他现身的方式奇特,离开又如此仓促。扶月望着他渐渐隐入林中的精瘦背影,忽觉怅然若失。
隔天清晨,扶月前往碧霄宫向父神复命。
父神见她活着回来,眼底的震惊根本掩藏不住。扶月确定了之前的猜测——蚀骨兽真的是父神放出来的,他想借此机会除掉她这个知情人。
可父神是六界的主宰者,就算她顺利完成任务,父神也能找到新的说辞惩罚她。
“不过是只妖兽,你竟拖延这么多日才收服它,妖界有多少无辜妖民因你而死?”父神责怪扶月办事不力,先申饬她一通,又罚她禁足寒冰水牢半个月。
这是父神惯用的方式,每每扶月替他办事,不管结果如何,父神都会找理由申饬责罚她。
寒冰水牢、极寒之地、九溟寒窟……六界所有极阴极寒之地,扶月都被关进去过,有时是十天,有时是一个月。
父神好像特别喜欢罚她去冰冷的地方禁足,他说,冰冷环境可以磨练人的意志,他这样对扶月,是想帮助她戒骄戒躁,让她更快成长进步。
以前父神惩罚扶月,她再痛苦难受,也都咬牙忍过来了。毕竟她如今的身份地位都是父神给的,在遇见父神之前,她只是个出身无界、无父无母、人人都可欺负的孤女。她不止一次说服自己,是她做得不够好,打是亲骂是爱,父神对她的惩罚是另外一种形式的关爱。
知道父神的秘密后,她忽而觉得,这样的惩罚不是关爱。
是泄愤。
她第一次、也是唯一一次鼓起勇气质问父神:“为什么?”
父神冷眼睥她:“什么为什么?”
“为什么,明明我已经做得足够好了,您还是不满意,还是要惩罚我?”她跪在地上,慢吞吞直起腰身,眼神疑惑而倔强地望着父神,“您收我为义女,到底是觉得我可怜,想拉我一把,还是有其他企图?”
父神阴沉着脸不说话,眼底寒光闪烁。
扶月微微仰起头: “您这样惩罚我,是在泄愤吗父神?”她跪在地上,脊背却挺得笔直,“您嫉妒我生的健全,又天赋异禀,可您的亲生女儿释初却身体孱弱,不能像正常人一样生活。”
她含笑问父神:“所以您这样惩罚我,是想替释初泄愤吗,父神?”
“放肆!”父神没有作任何解释,他似被扶月戳中了心思,暴跳如雷掀翻玉桌,那些上好的笔墨纸砚摔了满地。

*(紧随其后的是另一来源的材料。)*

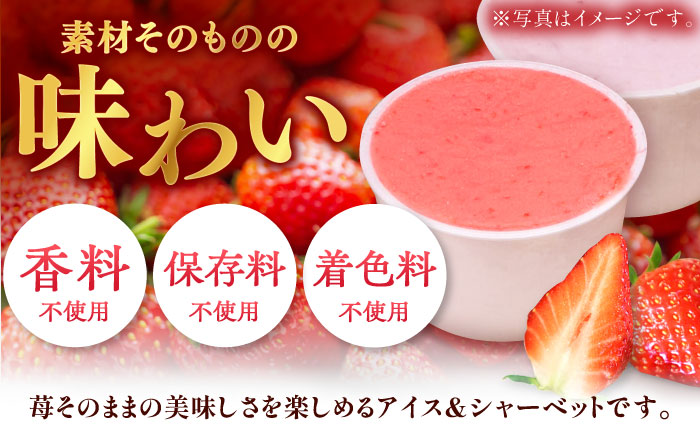 【2026年発送分 先行予約】苺好きが夢中！THE ICHIGO プレミアム苺アイスクリーム＆シャーベット 計8個  / スイーツ / 佐賀県 / リフルット株式会社 [41ABAA020]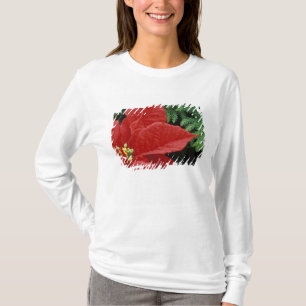 North America, USA, WA, Woodinville, Red T-Shirt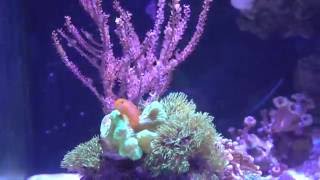 Great addition to most reef tanks Clown Gobies [upl. by Rushing252]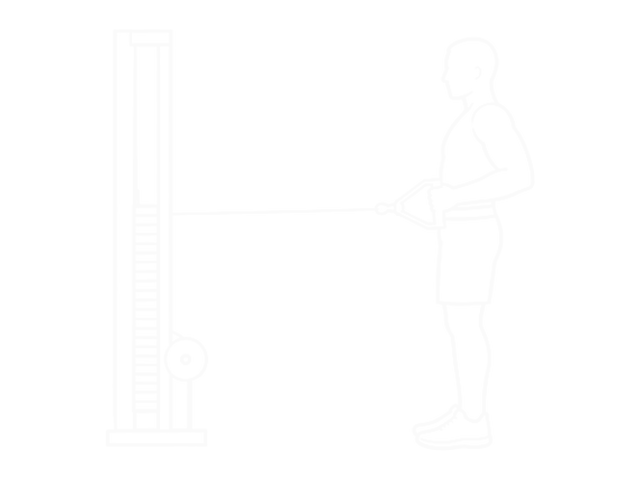 Standing Cable Row (V-Bar) — 끝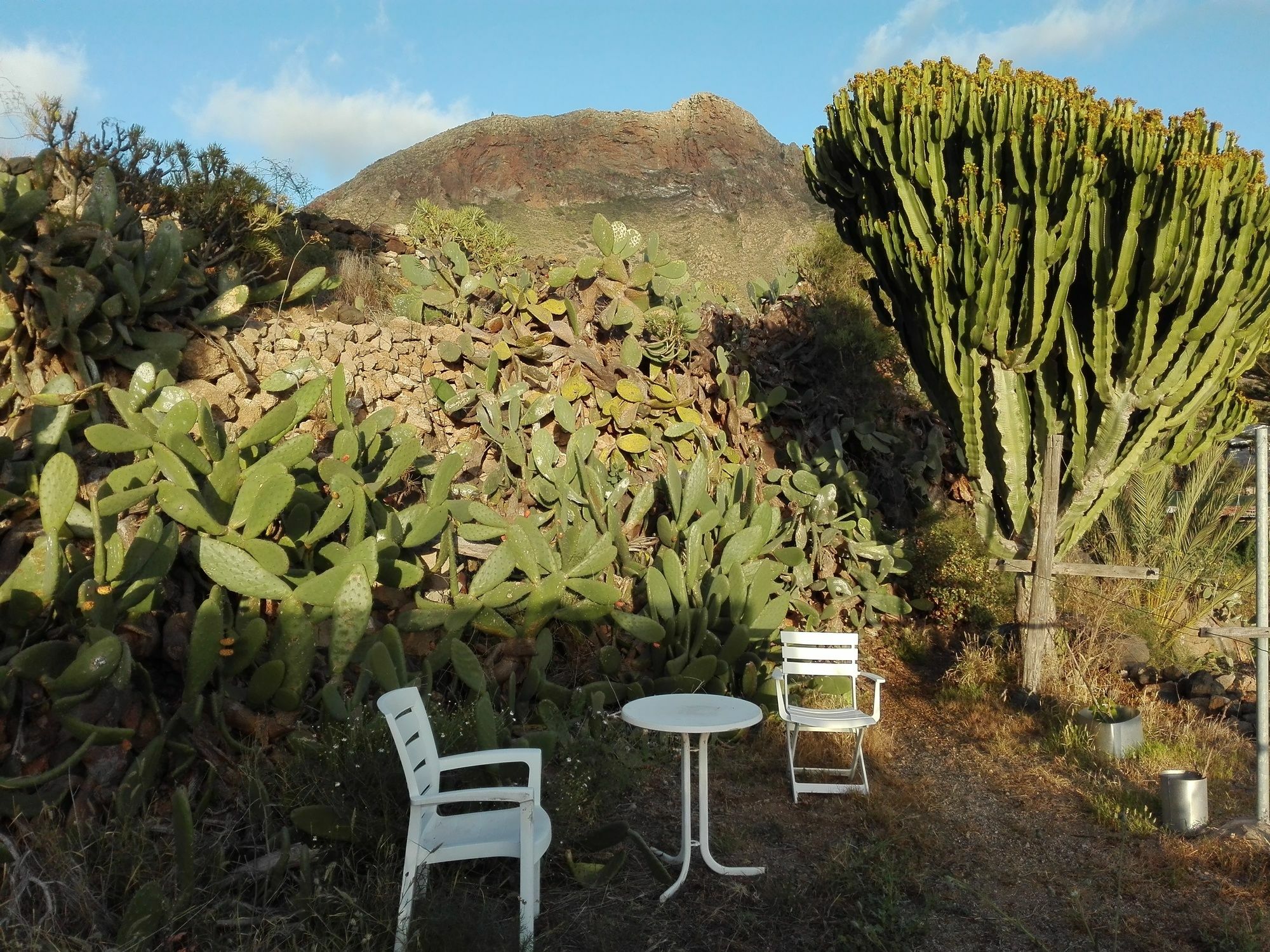 Finca Patio Canario Arona  Εξωτερικό φωτογραφία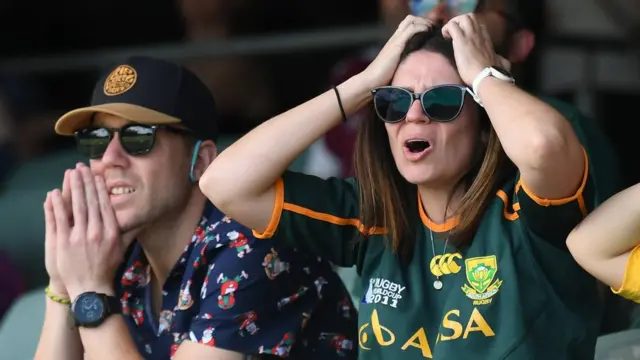 South Africa cricket supporters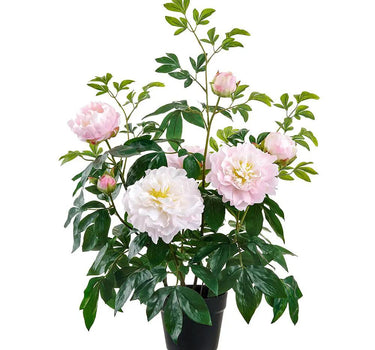 Allstate Pink Peony Plant in Plastic Pot 30" - Artificial Flowering Plants Silk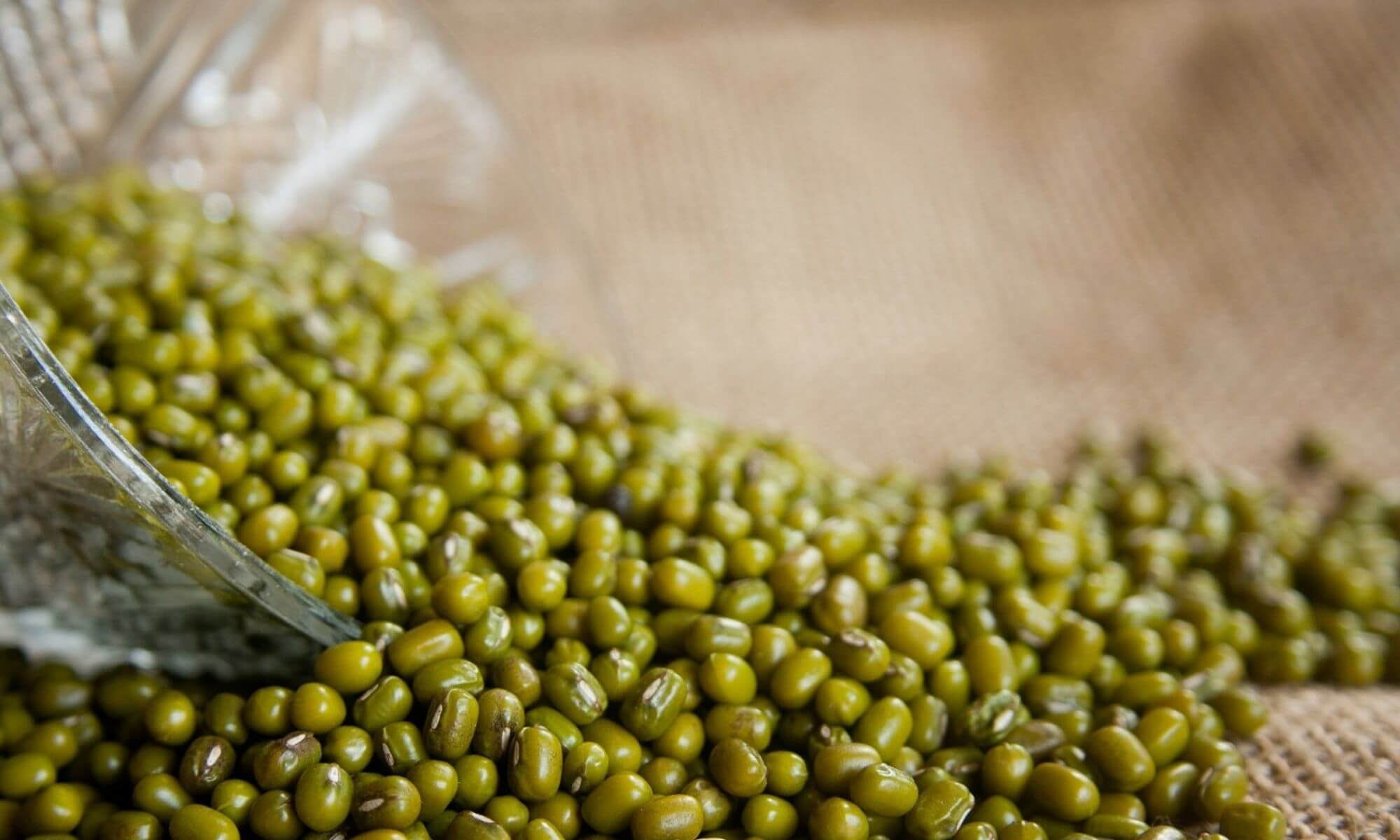 manfaat minuman sari kacang hijau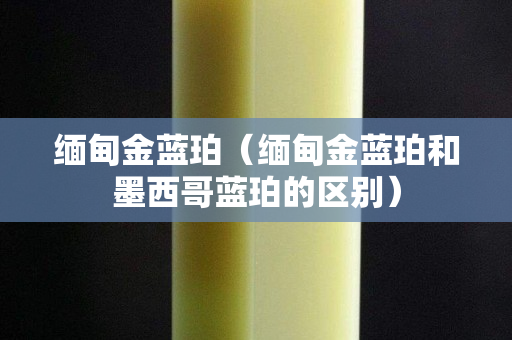 緬甸金藍(lán)珀（緬甸金藍(lán)珀和墨西哥藍(lán)珀的區(qū)別）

父神动了好大的肝火,他亲自押送扶月去寒冰水牢,吩咐北极玄狐族人从严看管。临走前还放出话,让扶月好生反思,什么时候恢复以前的恭顺听话,什么时候再出去。
“不懂感恩的东西。”父神疾言厉色呵斥扶月,“你别忘了自己的出身。若不是本座收留,你一个从无界爬出来的腌臜货,如何能拥有如今的身份地位。”
他看向扶月眼底没有丝毫温度:“人要懂得知足常乐。不管你知道什么,全都给本座烂在肚子里。”
那时扶月还不是能独当一面的六界共主。她年轻怯懦,又被父神打压多年,好不容易生出一点质问父神的勇气,还没等膨胀壮大,便被父神一句怒火冲天的“放肆”给冲散了。
寒冰水牢里冷极了,扶月被捆仙链牢牢束缚,动弹不得,腰部以下浸泡在刺骨冰水中,冷意顺着汗毛钻进每一寸肌肤,身体每时每刻都在不受控制地颤抖。
她想挣脱捆仙链,逃离寒冰水牢,不再忍受这种痛苦。
甚至她想杀死把她关进寒冰水牢的父神——她不想再当他手里的刀了。
可……可她缺少下定决心的勇气。
毕竟,父神不仅是她的义父,更是六界苍生眼中的创世神。
她何来勇气何来能力斩杀创世神。
扶月在寒冰水牢中硬挺了六天。寒冷如影随形,一点点啃噬着她的生机,她的手脚早已麻木失去知觉,意识也开始模糊,唇色变得比雪还要白。
第六天的傍晚,寒冰水牢外传来激烈的打斗声,扶月昏昏沉沉中,隐约听出其中一方使用的兵器是长剑。
打斗声很快结束,有人破开寒冰水牢的大门,夹带一身寒梅香气奔向她。
看到她被铁链束缚着浸泡在冰水里,破门的那人当即红了眼尾,戾气外泄,嗓音阴冷压抑:“我找了你好几日,他们……竟把你关在这里?!”